Se i partiti avessero le labbra, oggi ci appiccicherebbero sopra dei baffi finti. Se avessero gli occhi, li coprirebbero con una maschera. Se provassero vergogna, uscirebbero solo di notte. Purtroppo, noi attribuiamo fattezze e sentimenti umani a organizzazioni che anima non hanno e volti non possiedono: per questa ragione, i partiti sono ancora tra noi. Altrimenti sarebbero già andati a nascondersi da un pezzo.
Non c’è chi, in questa amara stagione, abbia l’animo in pace con i partiti. Nessuno stupore: mentre qui si tira la cinghia, là - nelle segreterie, nelle presidenze e, qualche volta, perfino nelle umili sezioni - il denaro è acqua di fonte che sgorga con spensierata liberalità. Dai 50 euro passati sottomano dall’autista, alle centinaia di migliaia spesi in ogni genere di affari privati, poco cambia: gli uni e gli altri euro passano di mano con la stessa sfacciata indifferenza, l’identica concezione del furto come gesto impunito e, anzi, garantito da un diffuso privilegio che, evidentemente, si intende connesso alla natura stessa della politica.

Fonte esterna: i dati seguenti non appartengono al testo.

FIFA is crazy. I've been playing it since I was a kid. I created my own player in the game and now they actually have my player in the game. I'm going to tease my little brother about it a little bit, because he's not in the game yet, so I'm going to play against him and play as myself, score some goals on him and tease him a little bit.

Come pensare che sia rimasta tolleranza per chi, dopo aver fatto allegro macello delle finanze nazionali, tanto da costringere un impietoso chirurgo come Mario Monti a intervenire d’urgenza, non dimostra alcuna intenzione di frenare l’emorragia del denaro pubblico, di cancellare la parola beneficio dal proprio dizionario e di restituire, almeno in parte, quanto indebitamente intascato? E infatti tolleranza non c’è: la gente si abbandona alla rabbia, al dileggio e, con l’approssimarsi del voto locale, ragiona sempre di più in termini di liste civiche. Oltretutto, non è solo una questione di quanto i partiti prelevano dalle tasche: il problema è anche quanto non rimettono a posto. Un esempio: le multe per attacchinaggio abusivo. I partiti - pressoché tutti i partiti - le ignorano, dimostrando in un colpo quanto rispetto nutrono nei confronti del denaro e delle regole.
E allora fiato alle trombe: basta partiti, via i partiti, a morte i partiti, superiamo i partiti. A questo punto, la domanda è una sola: per quanto tempo ancora potrà suonare questa fragorosa canzone prima che ci si renda conto di un fatto sostanziale, ovvero che dei partiti, piaccia o no, mai potremo fare a meno? Che siano questi o altri, i partiti non sono solo una sfilata di facce viste in tv o di avvisi di garanzia letti nei giornali, sono invece lo strumento attraverso il quale i cittadini hanno la possibilità di esercitare la democrazia. I partiti esistono ovunque la gente abbia una chance di farsi rappresentare a livello politico: non c’è altra formula partecipativa, in nessun Paese del mondo, che li abbia saputi sostituire.
Se vogliamo, possiamo continuare ancora per un poco a coprirli di insulti: in fondo, è un diritto che ci siamo guadagnato. A breve, però, dovremo incominciare a pensare un modo per riscattarli, per costringerli a finanziarsi senza attingere al denaro pubblico e in modo tuttavia legittimo e trasparente, per forzarli a reclutare i quadri secondo merito e buona condotta. Se preferite, possiamo metterla così: dobbiamo riprendere le cose che i partiti ci hanno rubato. E tra queste cose, non la meno importante è proprio la funzione, la logica e in estrema sintesi, l’anima stessa dei partiti.